Design and Implement

Easy to use

HStream IO is a part of HStreamDB, so if you want to create a connector, do not need to deploy an HStream IO cluster like Kafka Connect, just send a SQL to HStreamDB, e.g.:

create source connector source01 from mysql with
    ( "host" = "mysql-s1"
    , "port" = 3306
    , "user" = "root"
    , "password" = "password"
    , "database" = "d1"
    , "table" = "person"
    , "stream" = "stream01"

Scalability, Availability, and Delivery Semantics

Connectors are resources for HStreamDB Cluster, HStreamDB Cluster provides high scalability and fault-tolerance for HStream IO, for more details, please check HStreamDB docs.

Users can manually create multiple connectors for sources or streams to use parallel synchronization to achieve better performance, we will support a connector scheduler for dynamical parallel synchronization like Kafka Connect and Pulsar IO soon.

When a connector is running, the offsets of the connector will be recorded in HStreamDB, so if the connector failed unexpectedly, HStream IO Runtime will detect the failure and recover it by recent offsets, even if the node crashed, HStreamDB cluster will rebalance the connectors on the node to other nodes and recover them.

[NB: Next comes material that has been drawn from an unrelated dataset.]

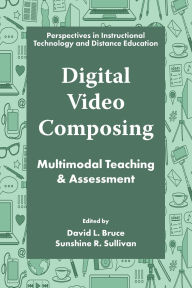 Title: Digital Video Composing: Multimodal Teaching & Assessment, Author: David L. Bruce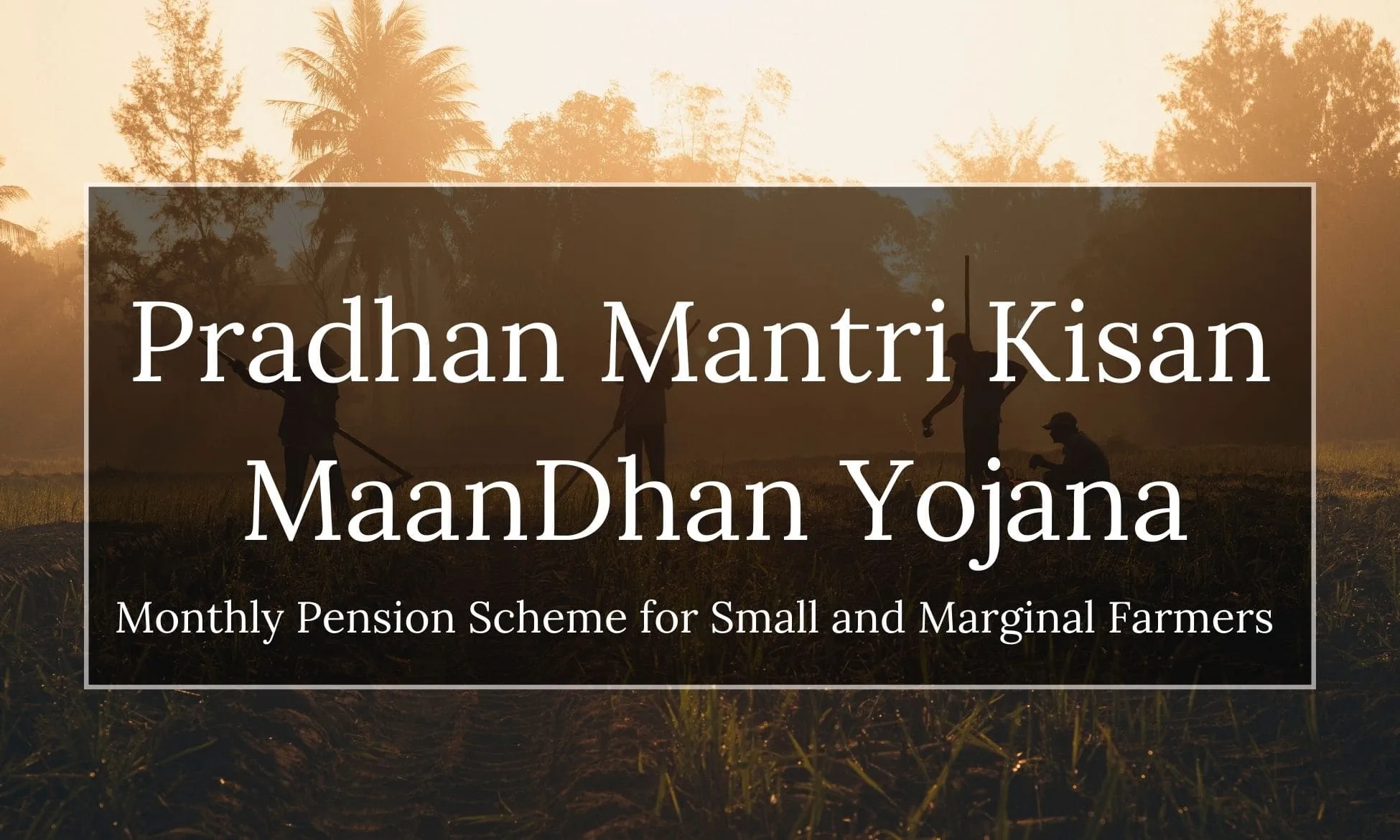Pradhan Mantri Kisan Maandhan Yojana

HStream IO supported at-least-once delivery semantics now, we will support more delivery semantics(e.g. exactly-once delivery semantic) for some connectors later.

Streaming and Batch

Many ELT frameworks like Airbyte are designed for batch systems, they can not handle streaming data efficiently, HStreamDB is a streaming database, and a lot of streaming data need to be loaded into HStreamDB, so HStream IO is designed to support both streaming and batch data, and users can use it to build a real-time streaming data synchronization service.


We want to establish a great ecosystem like Kafka Connect and Airbyte, so an accessible connector API for deploying new connectors is necessary.

Kafka Connect design a java connector API, you can not develop connectors in other languages easily, Airbyte and Pulsar IO inspired us to build a connector plugin as a Docker image to support multiple languages and design a protocol between HStream IO Runtime and connectors, but it brings more challenges to simplify the connector API, you can not implement a couple of Java interfaces to build a connector easily like Kafka Connect, you have to care about how to build a Docker image, handle command line arguments, implement the protocol interfaces correctly, etc.

So to avoid that we split the connector API into two parts:

  • HStream IO Protocol
  • Connector Toolkit

Compared with Airbyte's heavy protocol, HStream IO Protocol is designed as simple as possible, it provides basic management interfaces for launching and stopping connectors, does not need to exchange record messages(it will bring more latencies), the Connector Toolkit is designed to handle heaviest jobs(e.g. fetch data from source systems, write data into HStreamDB, recorded offsets, etc.) to provide the simplest connector API, so developers can use Connector Toolkit to implement new connectors easily like Kafka Connect.